### Problem description
Without copying any picture, return all lines below exactly.

### Records for the task
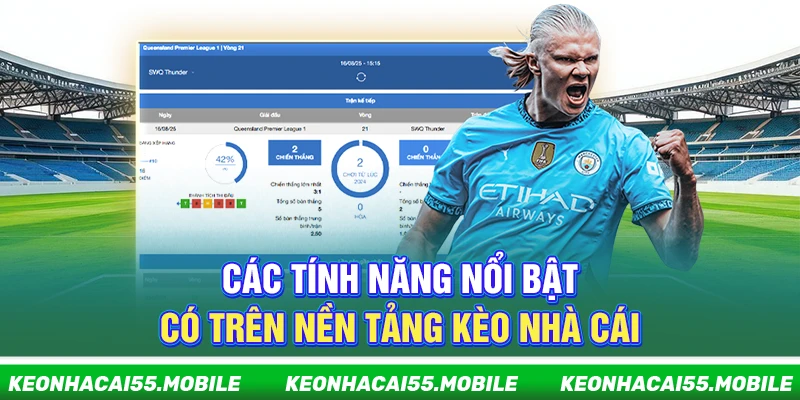 Các tính năng nổi bật có trên nền tảng Kèo Nhà Cái 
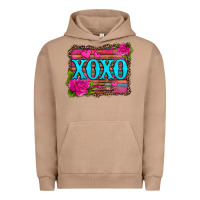 Pigment Burro xoxo valentine's day pink roses and hearts Urban Hoodie - Jasminsmagicworld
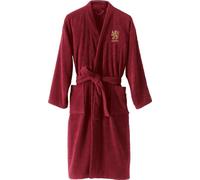 Unyqoos® Harry Potter, peignoir Gryffondor pour hommes, taille L – 100% coton, motif brodé, absorbant, lavable jusqu'à 40°C, adapté au sèche-linge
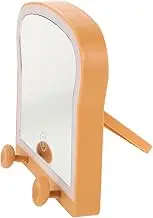 Cute Cartoon Desktop Mirror with Stand Stylish Table Mirror for Makeup Versatile Bedroom Accessory Design for Personal Use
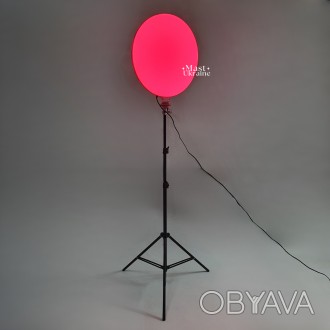 Круглая светодиодная LED лампа с RGB подсветкой для фото и видеосъемки GS-450
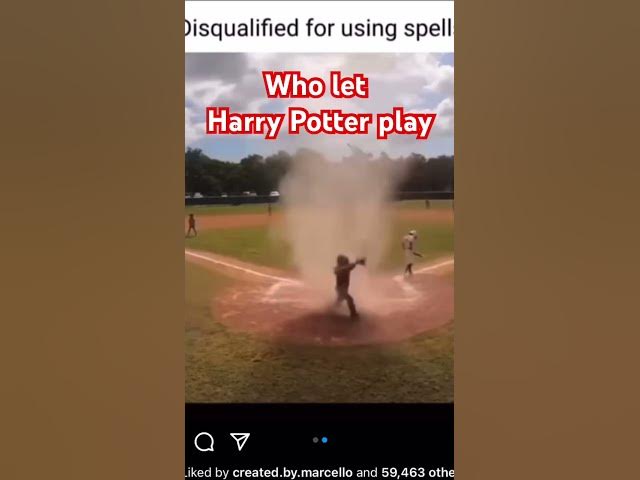 Video thumbnail for Who let Harry Potter play #basketballtrushtalk taken to another level #tornado #funny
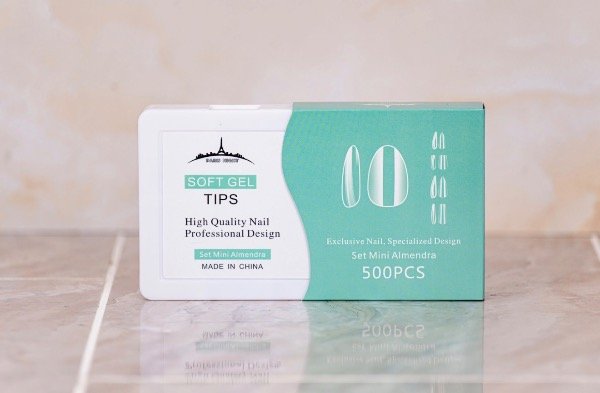 Producto - Tips Soft Gel Almendra Mini Paris Night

### Exercise response
 Các tính năng nổi bật có trên nền tảng Kèo Nhà Cái 
 Pigment Burro xoxo valentine's day pink roses and hearts Urban Hoodie - Jasminsmagicworld
 Unyqoos® Harry Potter, peignoir Gryffondor pour hommes, taille L – 100% coton, motif brodé, absorbant, lavable jusqu'à 40°C, adapté au sèche-linge
 Cute Cartoon Desktop Mirror with Stand Stylish Table Mirror for Makeup Versatile Bedroom Accessory Design for Personal Use
 Круглая светодиодная LED лампа с RGB подсветкой для фото и видеосъемки GS-450
 Video thumbnail for Who let Harry Potter play #basketballtrushtalk taken to another level #tornado #funny
 Producto - Tips Soft Gel Almendra Mini Paris Night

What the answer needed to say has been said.